◆ **Required action**:
Repeat exactly the lines below from the line that contains "Gaston BALANDE : Cathédrales, Chartres, Lithographie" to the last line, inclusive, without the pictures.

◆ **Task input**:
== Segment start ==
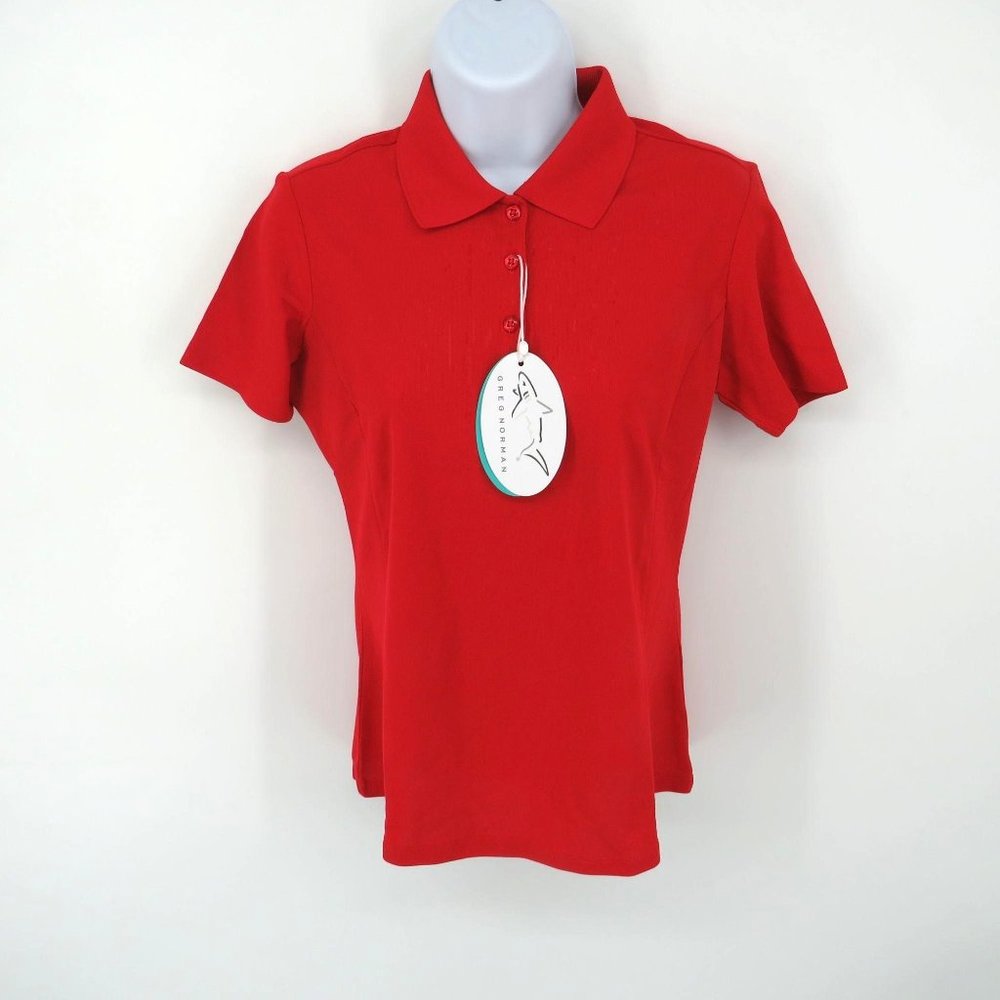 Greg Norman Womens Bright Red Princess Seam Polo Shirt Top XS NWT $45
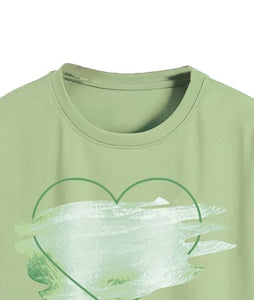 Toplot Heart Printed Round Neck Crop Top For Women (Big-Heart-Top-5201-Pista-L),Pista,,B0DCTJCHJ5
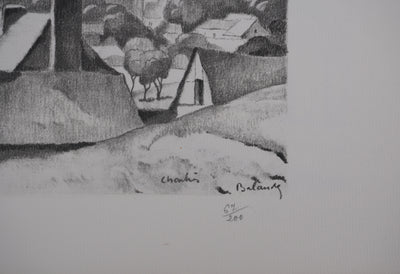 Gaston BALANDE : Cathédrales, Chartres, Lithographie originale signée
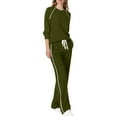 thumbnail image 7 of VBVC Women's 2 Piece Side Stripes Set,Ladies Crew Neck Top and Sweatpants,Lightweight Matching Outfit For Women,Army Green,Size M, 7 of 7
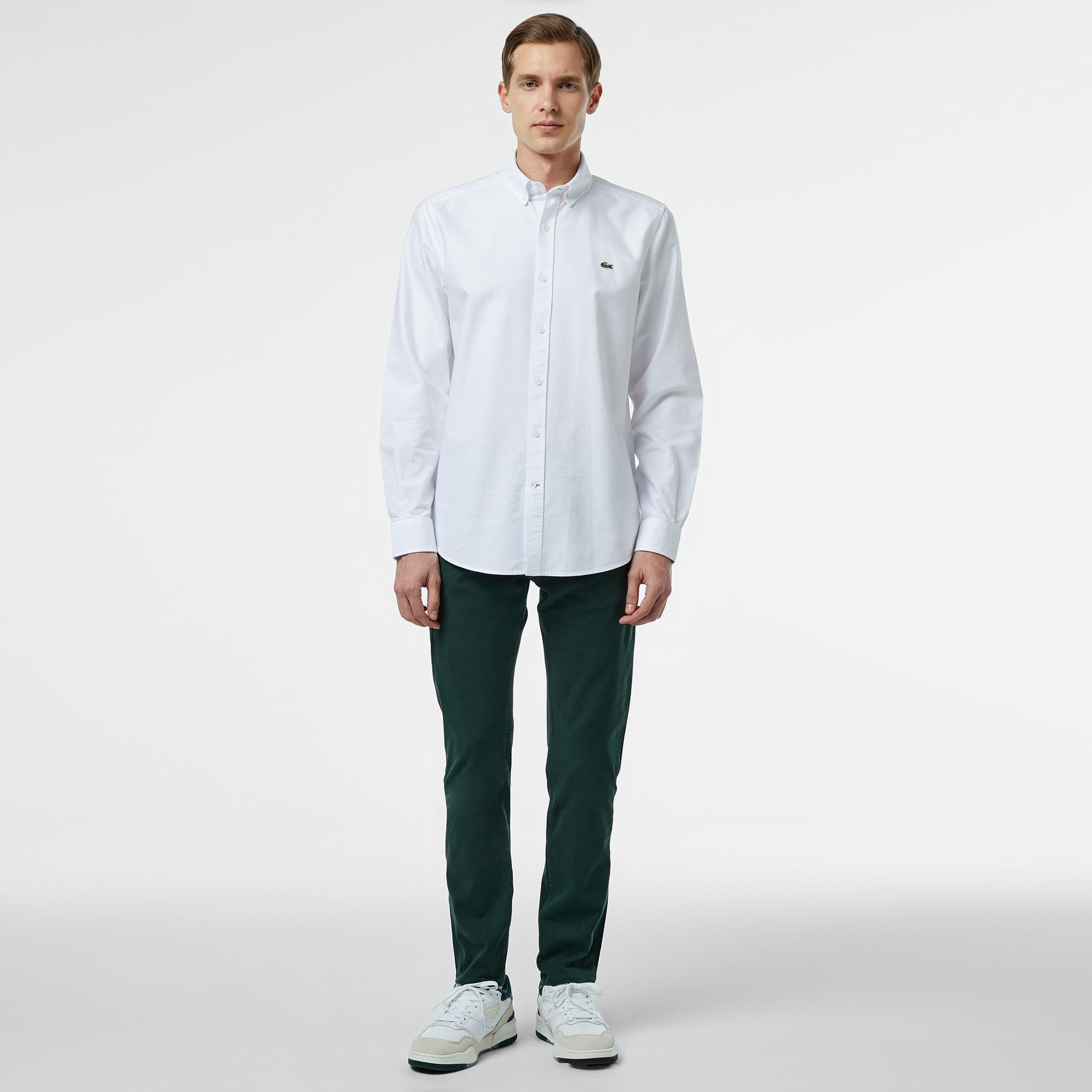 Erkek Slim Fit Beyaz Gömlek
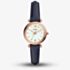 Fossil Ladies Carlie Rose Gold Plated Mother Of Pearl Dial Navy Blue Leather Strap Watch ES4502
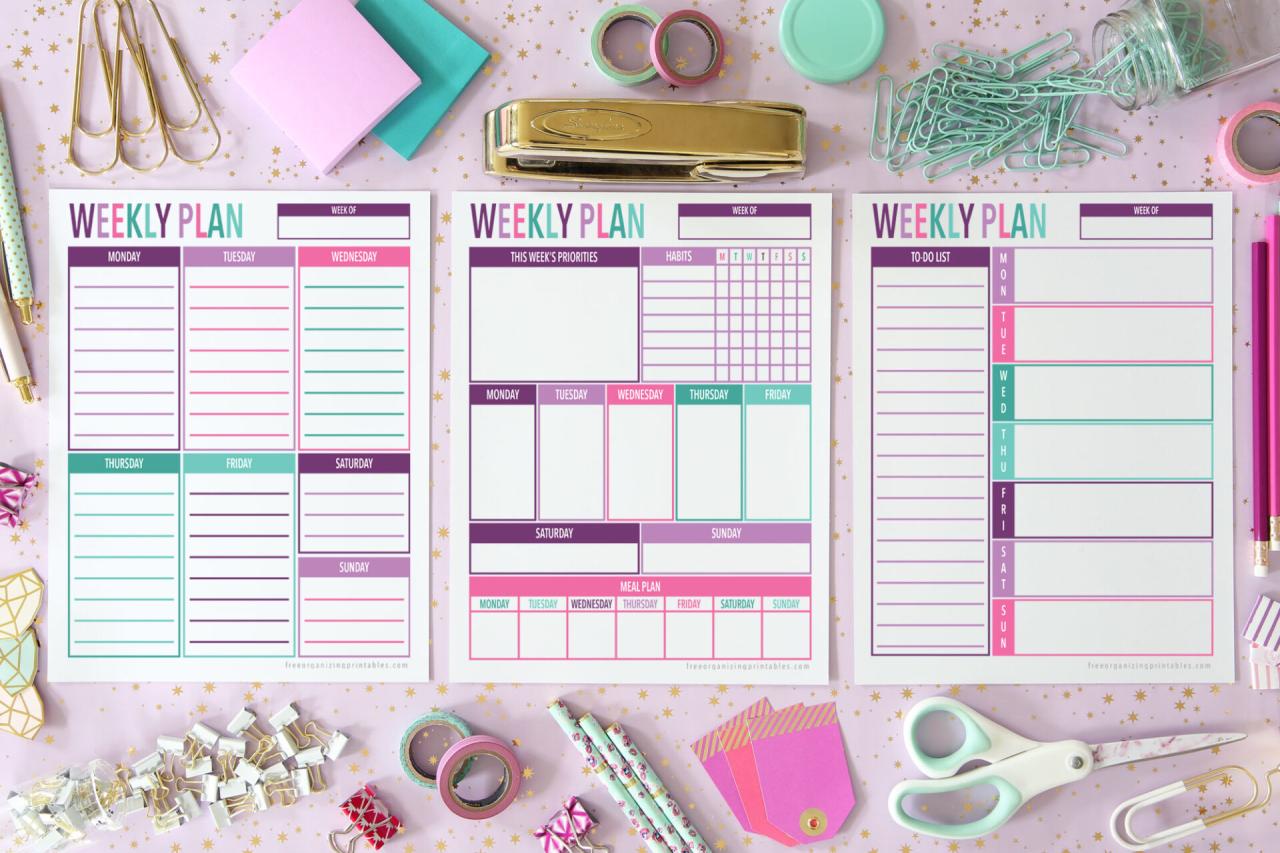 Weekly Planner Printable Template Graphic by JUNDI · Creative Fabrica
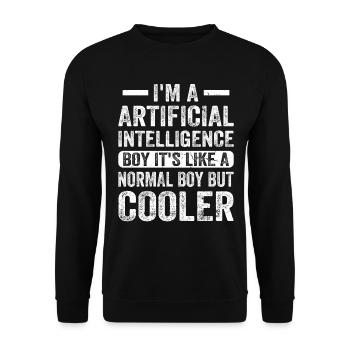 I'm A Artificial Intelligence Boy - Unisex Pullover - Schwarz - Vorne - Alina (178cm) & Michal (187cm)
== Segment end ==
◆ **Expected answer**:
 Gaston BALANDE : Cathédrales, Chartres, Lithographie originale signée
 thumbnail image 7 of VBVC Women's 2 Piece Side Stripes Set,Ladies Crew Neck Top and Sweatpants,Lightweight Matching Outfit For Women,Army Green,Size M, 7 of 7
 Erkek Slim Fit Beyaz Gömlek
 Fossil Ladies Carlie Rose Gold Plated Mother Of Pearl Dial Navy Blue Leather Strap Watch ES4502
 Weekly Planner Printable Template Graphic by JUNDI · Creative Fabrica
 I'm A Artificial Intelligence Boy - Unisex Pullover - Schwarz - Vorne - Alina (178cm) & Michal (187cm)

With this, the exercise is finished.